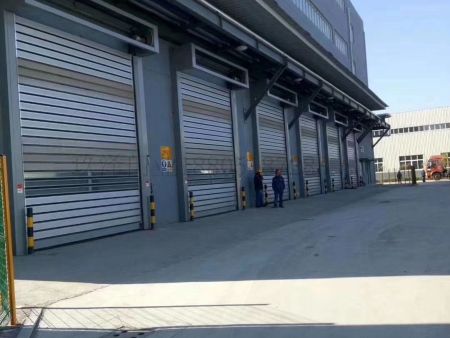 硬質快速卷簾門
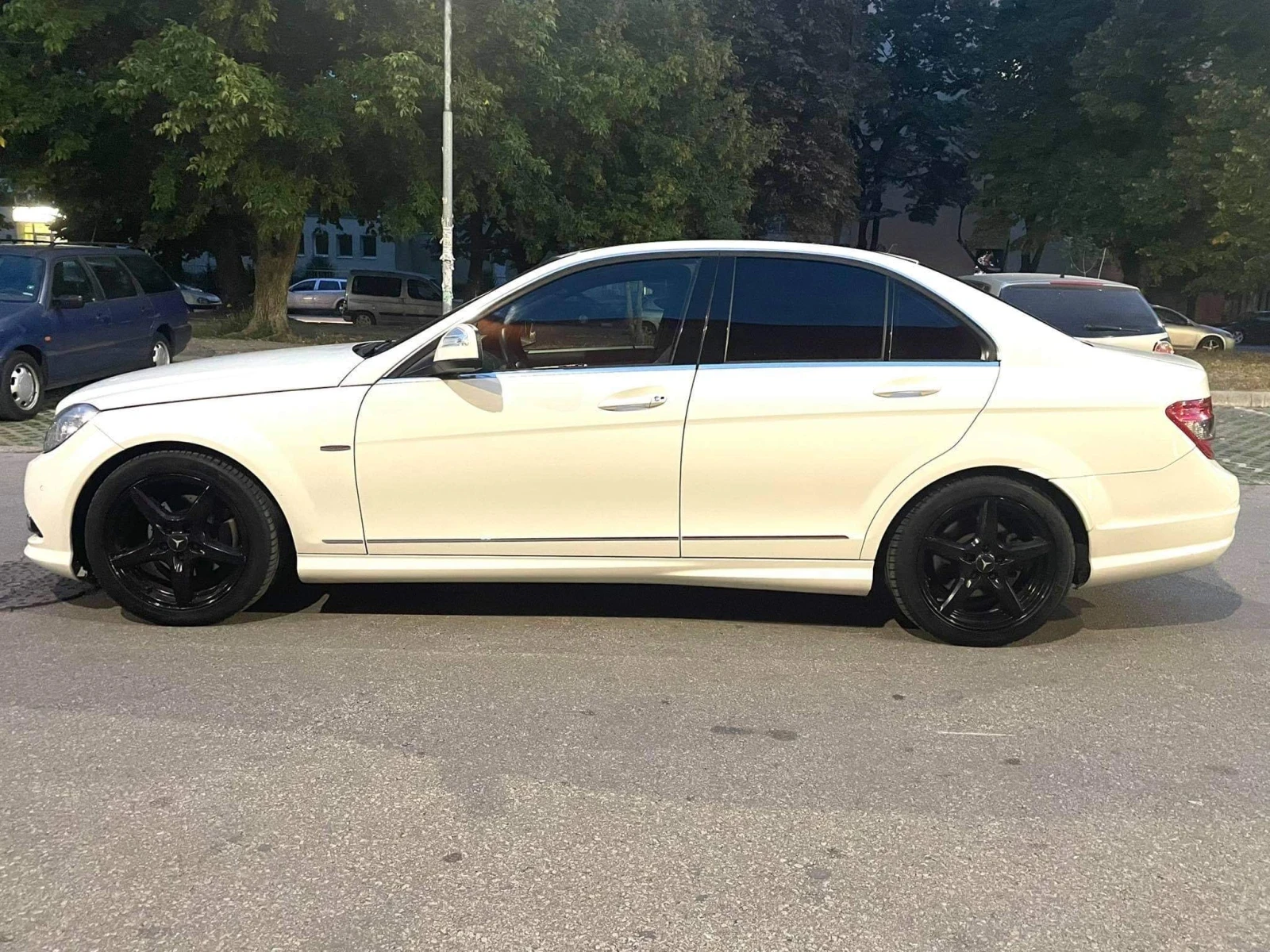 Mercedes-Benz C 220, снимка 2 - Автомобили и джипове - 54359525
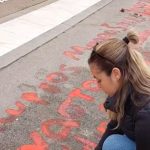 Τέμπη: Φοιτητές ξαναγράφουν τα ονόματα των 57 θυμάτων του δυστυχήματος μπροστά από την Βουλή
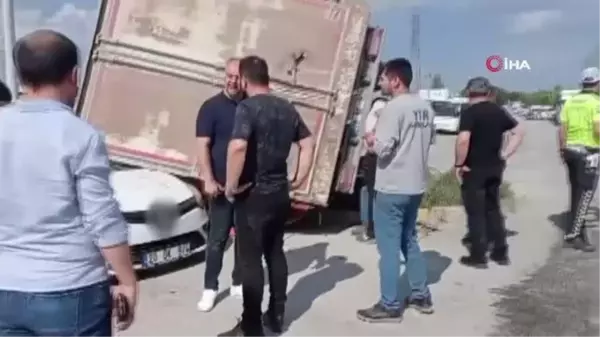 Zincirleme kazaya karışan araç, yoldan geçen otomobilin üzerine devrildi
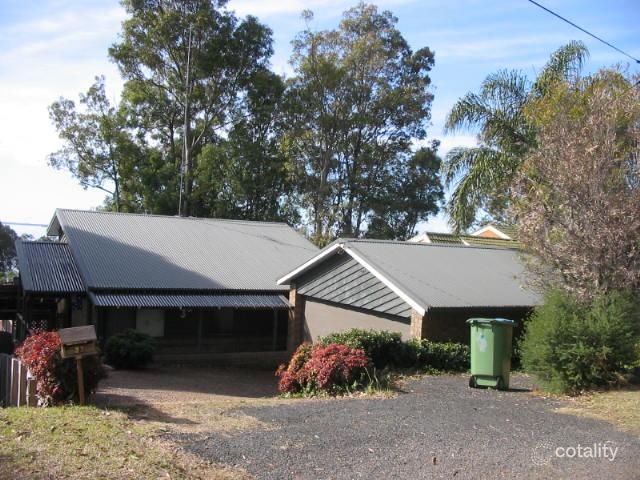 33 Donegal Rd, Berkeley Vale, NSW 2261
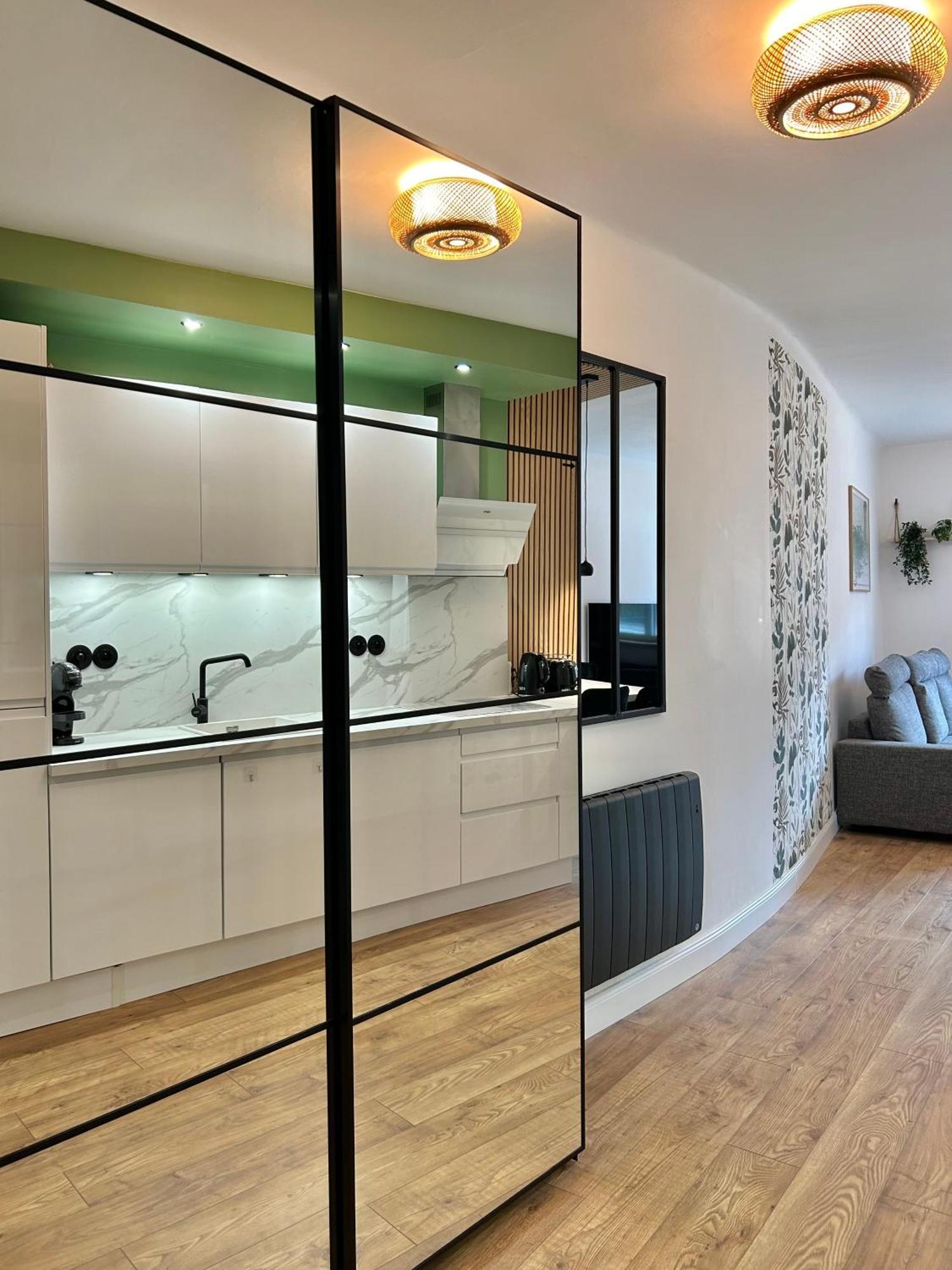 Le Chardon- Appartement 2Chambres- Avec Stationnement Nancy Kültér fotó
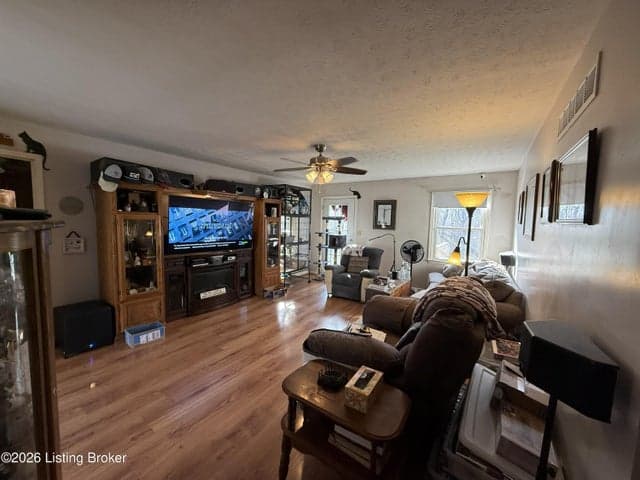 104 Thomas St, Frankfort - photo 4 of 17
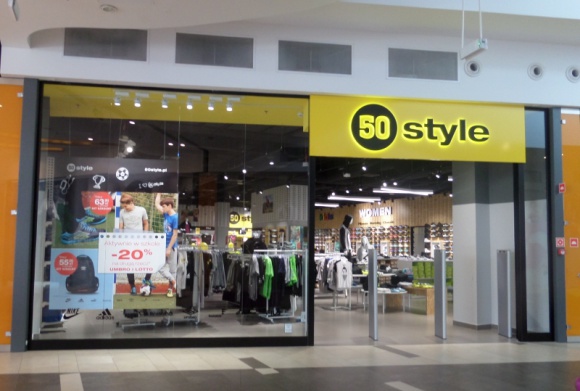 50 style kolejnym najemcą w Poznań City Center LIFESTYLE, Moda - Do grona najemców Poznań City Center dołączył nowy najemca - 50 style. Jest to pierwszy sklep tej marki w Poznaniu. Na 338 m kw., na poziomie 2 w głównej rotundzie, klienci znajdą sportowe obuwie i odzież, a wszystko to bez zbędnego uszczerbku dla portfela.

• Work to complete: Print the entire listing precisely as written, omitting the images it holds.

• Written answer:
 硬質快速卷簾門
 Mercedes-Benz C 220, снимка 2 - Автомобили и джипове - 54359525
 Τέμπη: Φοιτητές ξαναγράφουν τα ονόματα των 57 θυμάτων του δυστυχήματος μπροστά από την Βουλή
 Zincirleme kazaya karışan araç, yoldan geçen otomobilin üzerine devrildi
 33 Donegal Rd, Berkeley Vale, NSW 2261
 Le Chardon- Appartement 2Chambres- Avec Stationnement Nancy Kültér fotó
 104 Thomas St, Frankfort - photo 4 of 17
 50 style kolejnym najemcą w Poznań City Center LIFESTYLE, Moda - Do grona najemców Poznań City Center dołączył nowy najemca - 50 style. Jest to pierwszy sklep tej marki w Poznaniu. Na 338 m kw., na poziomie 2 w głównej rotundzie, klienci znajdą sportowe obuwie i odzież, a wszystko to bez zbędnego uszczerbku dla portfela.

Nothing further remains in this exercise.